■ **DIRECTIONS**
Reproduce nothing but the lines from the one with "Ground Zero GZHA" down to the last line of the data below.
*** DATA FOR PROCESSING ***
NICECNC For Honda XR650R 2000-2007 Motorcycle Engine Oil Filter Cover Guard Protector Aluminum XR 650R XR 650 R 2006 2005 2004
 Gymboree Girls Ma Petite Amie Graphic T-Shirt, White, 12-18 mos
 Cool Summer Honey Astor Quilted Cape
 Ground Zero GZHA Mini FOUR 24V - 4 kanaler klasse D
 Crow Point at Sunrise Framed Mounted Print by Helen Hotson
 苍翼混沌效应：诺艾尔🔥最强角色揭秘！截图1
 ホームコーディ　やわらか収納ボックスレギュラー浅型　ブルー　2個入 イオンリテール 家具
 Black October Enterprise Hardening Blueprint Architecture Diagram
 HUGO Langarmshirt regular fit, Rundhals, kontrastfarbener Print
*** End of DATA FOR PROCESSING ***
■ **REPLY TO THE TASK**
 Ground Zero GZHA Mini FOUR 24V - 4 kanaler klasse D
 Crow Point at Sunrise Framed Mounted Print by Helen Hotson
 苍翼混沌效应：诺艾尔🔥最强角色揭秘！截图1
 ホームコーディ　やわらか収納ボックスレギュラー浅型　ブルー　2個入 イオンリテール 家具
 Black October Enterprise Hardening Blueprint Architecture Diagram
 HUGO Langarmshirt regular fit, Rundhals, kontrastfarbener Print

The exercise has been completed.